Content starts

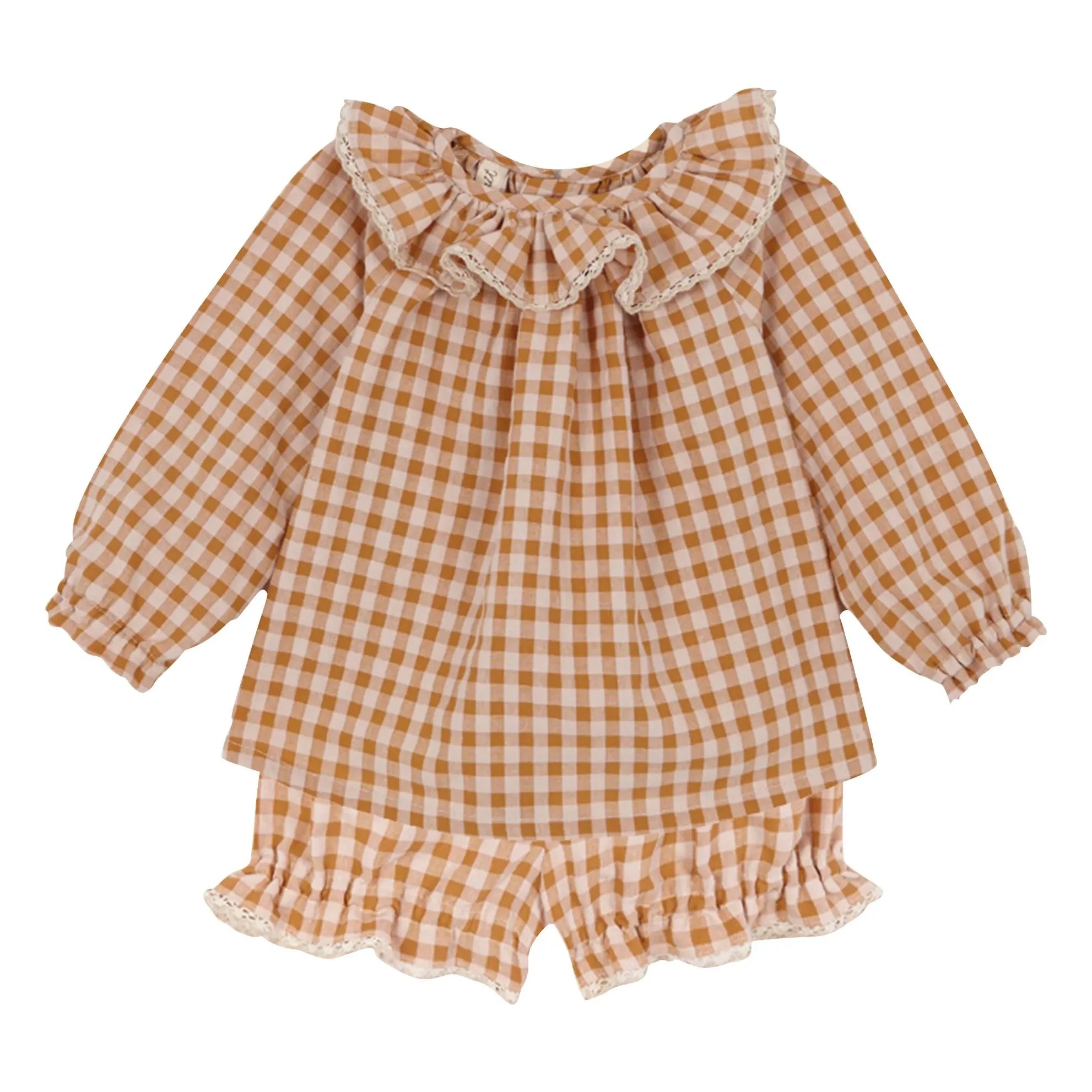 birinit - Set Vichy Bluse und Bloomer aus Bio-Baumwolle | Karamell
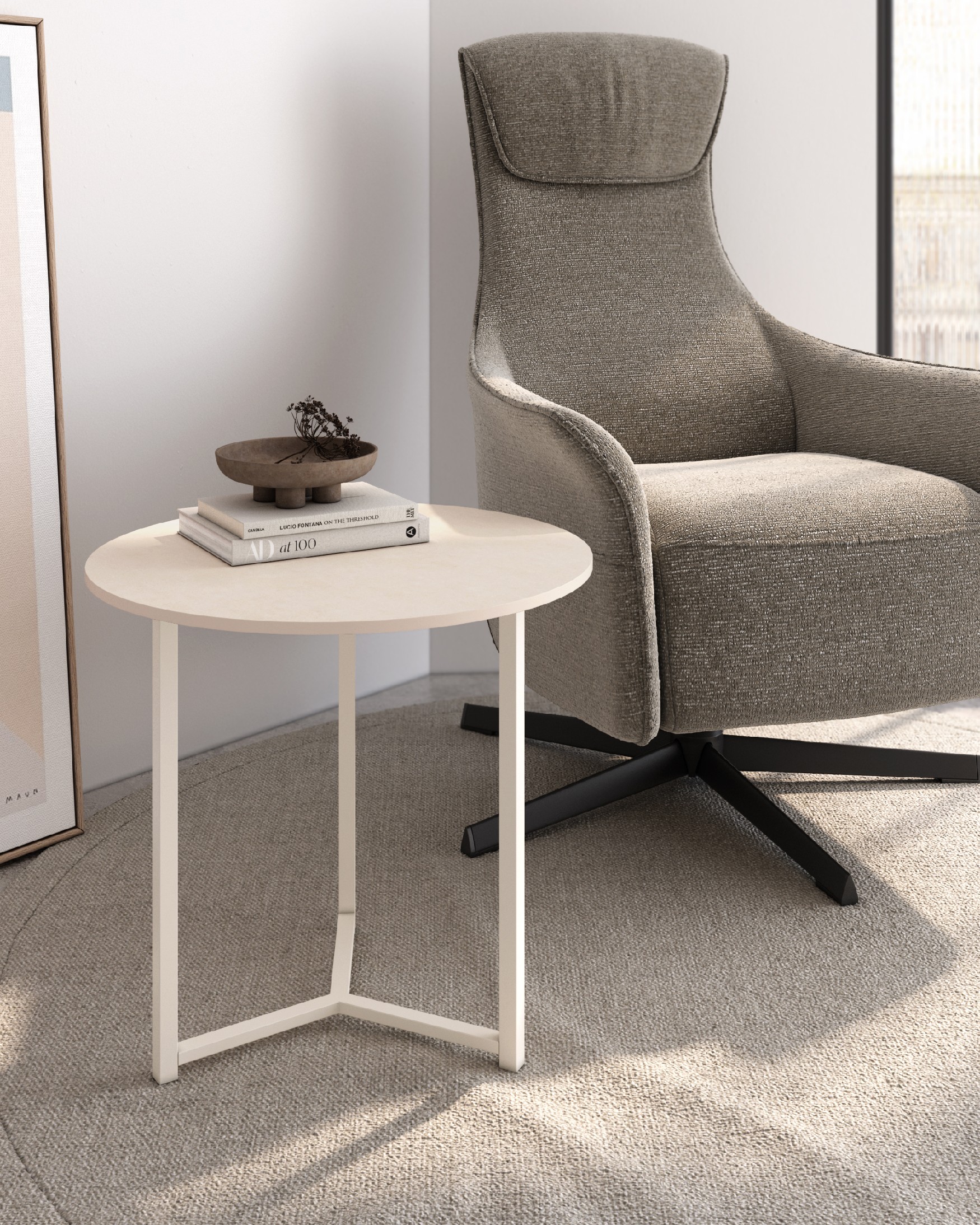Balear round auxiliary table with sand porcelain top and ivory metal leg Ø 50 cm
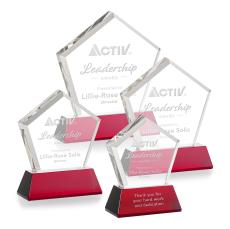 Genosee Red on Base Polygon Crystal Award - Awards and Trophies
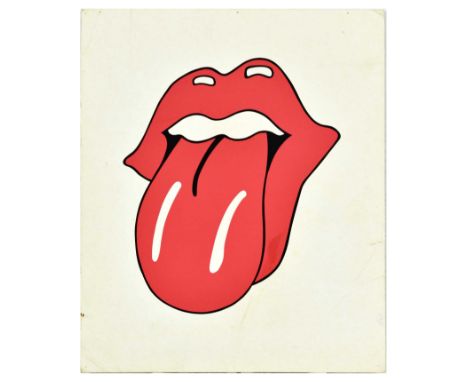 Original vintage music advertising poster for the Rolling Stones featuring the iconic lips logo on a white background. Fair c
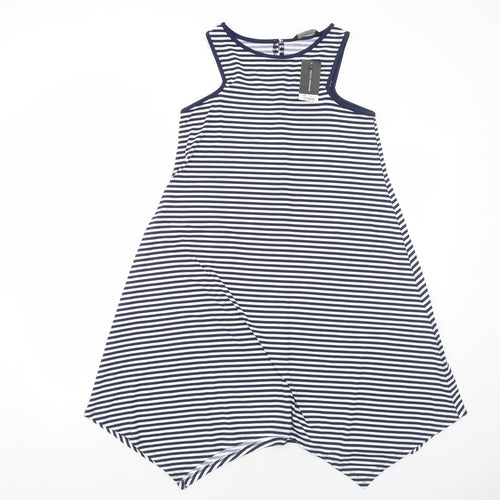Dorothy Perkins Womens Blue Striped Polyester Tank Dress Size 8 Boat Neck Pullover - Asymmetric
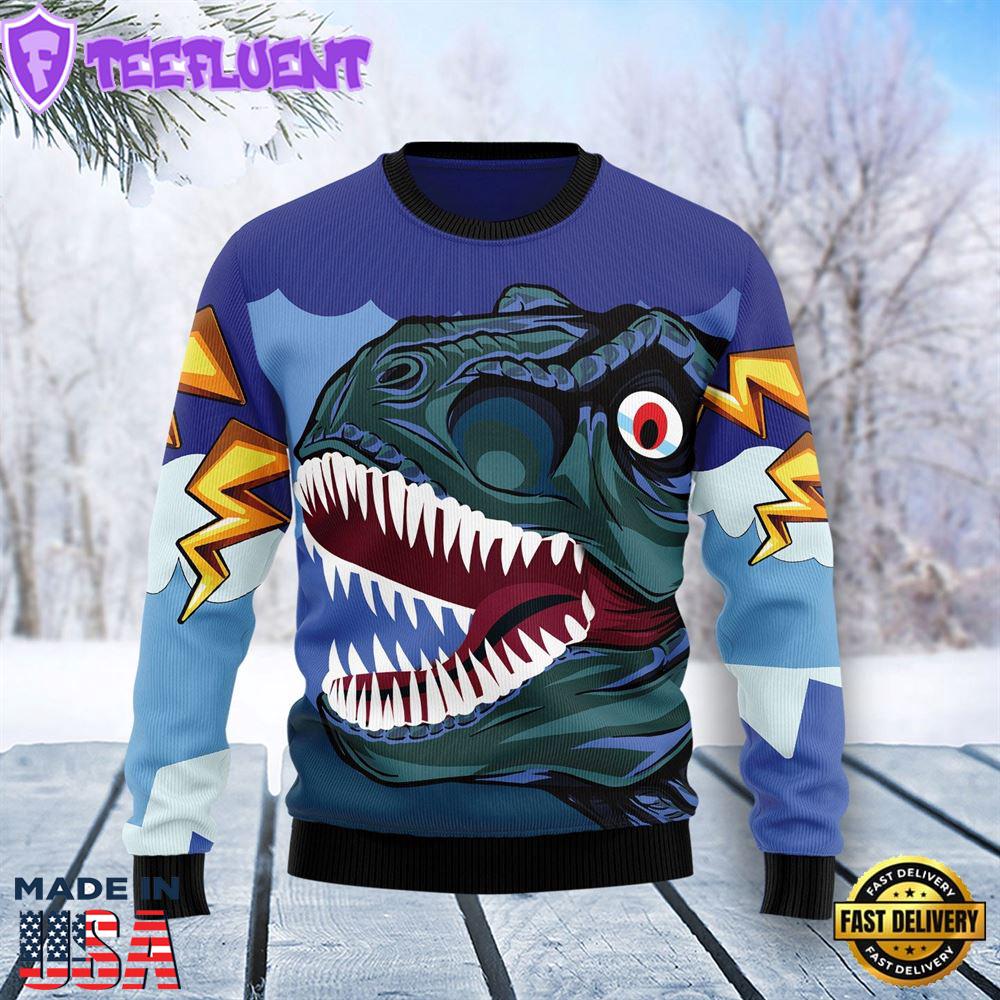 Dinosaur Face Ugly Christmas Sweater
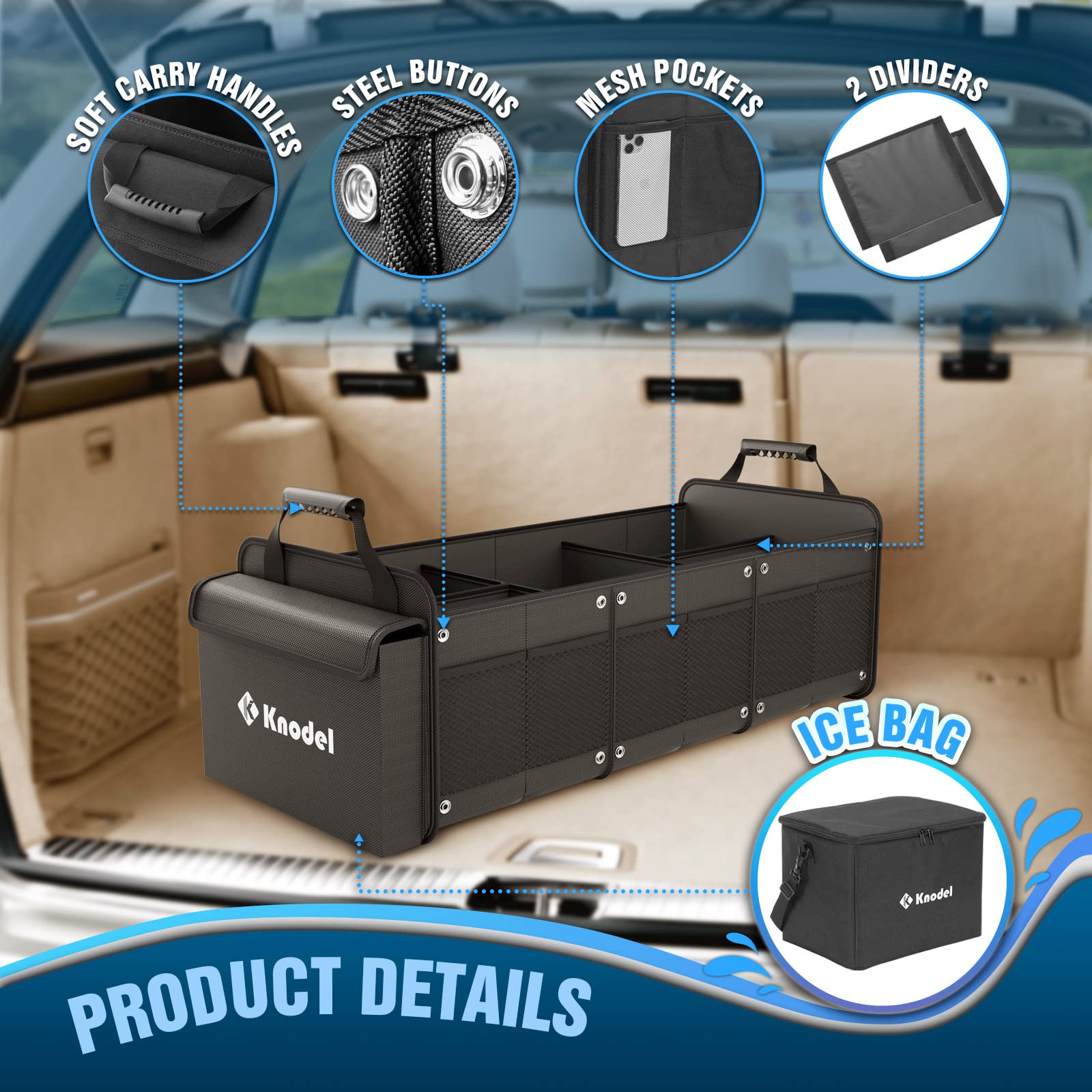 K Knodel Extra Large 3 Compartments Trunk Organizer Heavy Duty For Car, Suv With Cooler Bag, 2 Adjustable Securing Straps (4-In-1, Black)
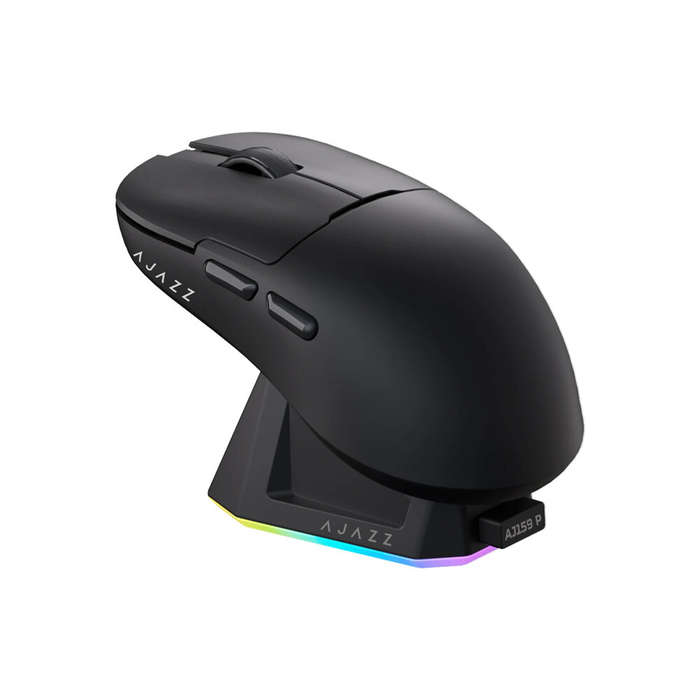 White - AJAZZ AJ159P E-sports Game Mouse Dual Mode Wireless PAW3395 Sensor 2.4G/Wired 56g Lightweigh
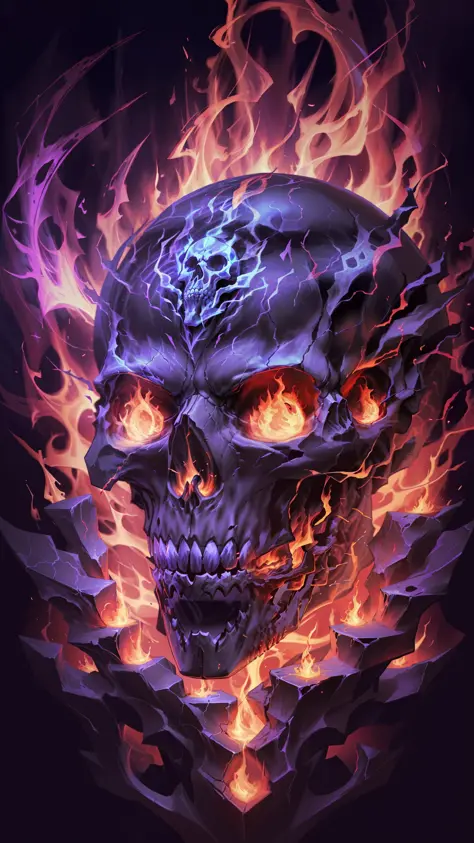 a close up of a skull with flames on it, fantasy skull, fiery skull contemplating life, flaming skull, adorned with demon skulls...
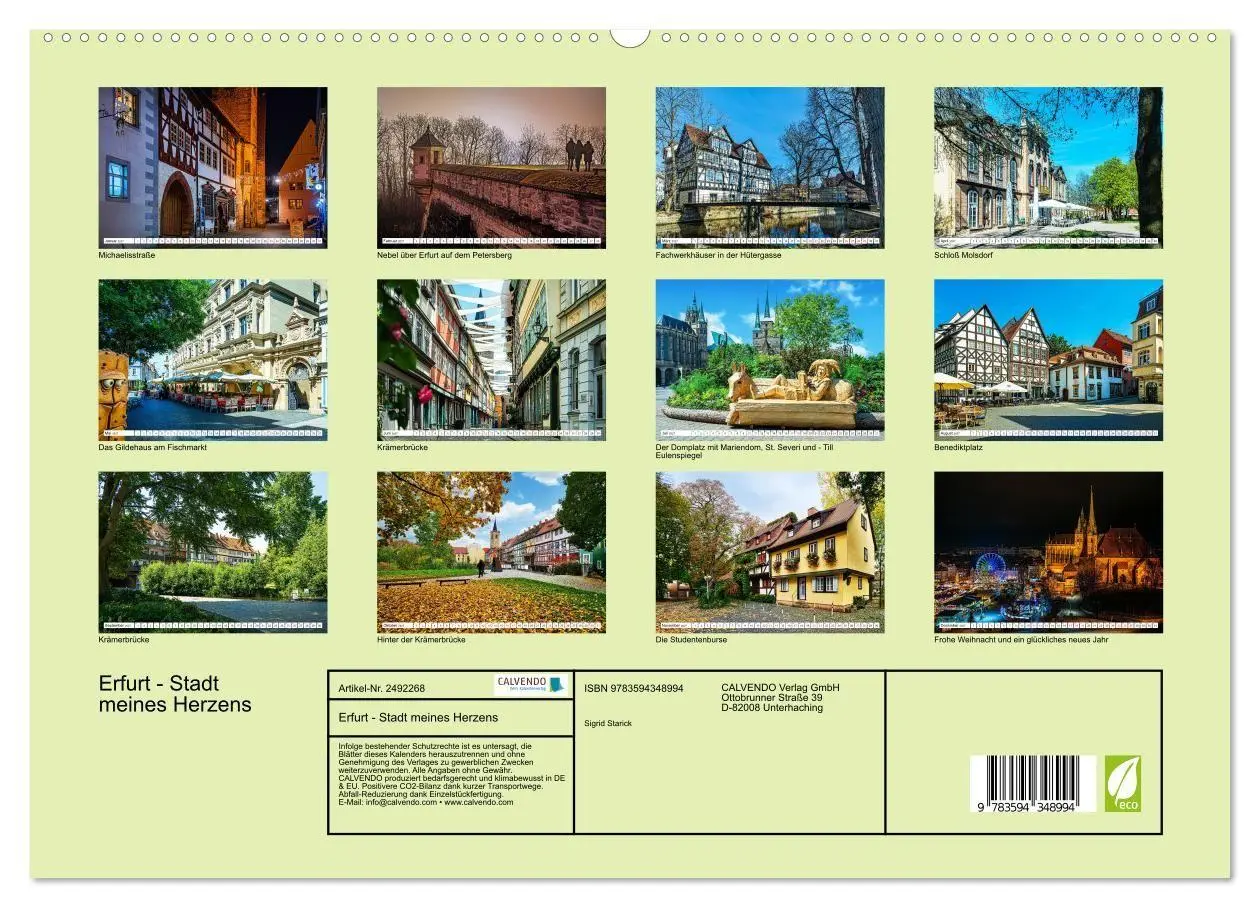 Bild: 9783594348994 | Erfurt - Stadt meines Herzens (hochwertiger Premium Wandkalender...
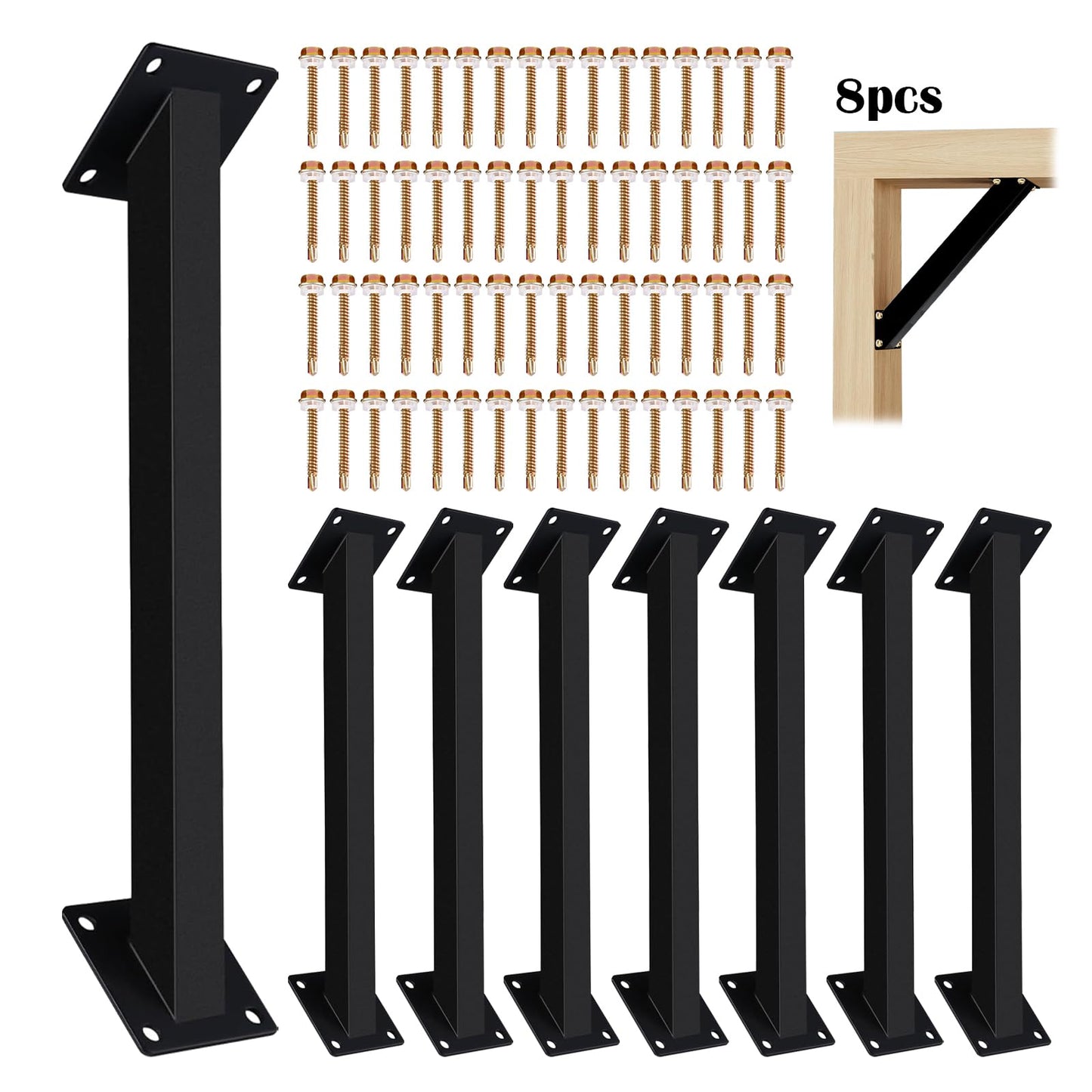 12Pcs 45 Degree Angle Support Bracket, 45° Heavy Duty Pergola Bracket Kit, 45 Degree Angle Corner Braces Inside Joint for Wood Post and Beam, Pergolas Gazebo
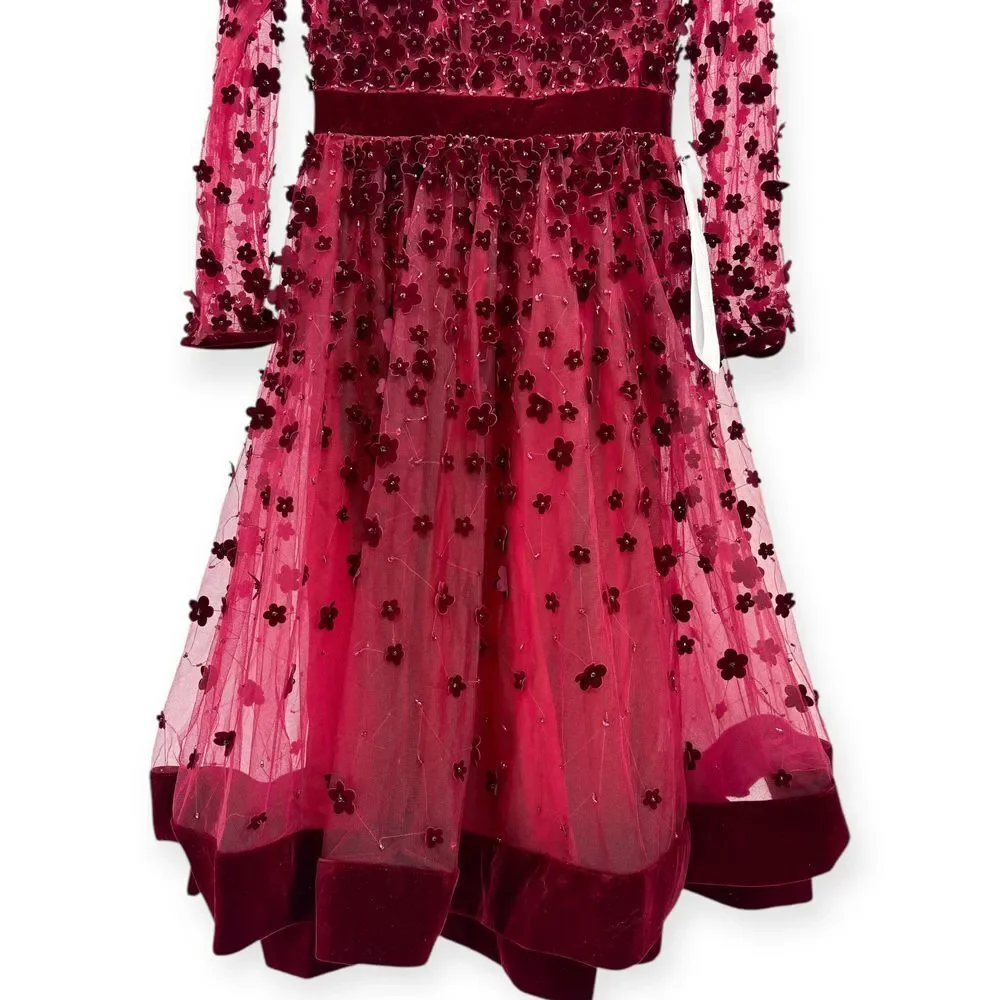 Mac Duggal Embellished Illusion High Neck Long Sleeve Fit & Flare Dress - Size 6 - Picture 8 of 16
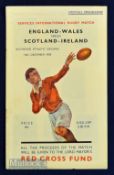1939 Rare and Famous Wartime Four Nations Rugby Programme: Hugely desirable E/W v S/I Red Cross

Content ends

* **Work order**
With pictures omitted, restate exactly every line from the one containing "Bild: 9783594348994 |" through the last line of the material, inclusive.

* **Exercise response**
 Bild: 9783594348994 | Erfurt - Stadt meines Herzens (hochwertiger Premium Wandkalender...
 12Pcs 45 Degree Angle Support Bracket, 45° Heavy Duty Pergola Bracket Kit, 45 Degree Angle Corner Braces Inside Joint for Wood Post and Beam, Pergolas Gazebo
 Mac Duggal Embellished Illusion High Neck Long Sleeve Fit & Flare Dress - Size 6 - Picture 8 of 16
1939 Rare and Famous Wartime Four Nations Rugby Programme: Hugely desirable E/W v S/I Red Cross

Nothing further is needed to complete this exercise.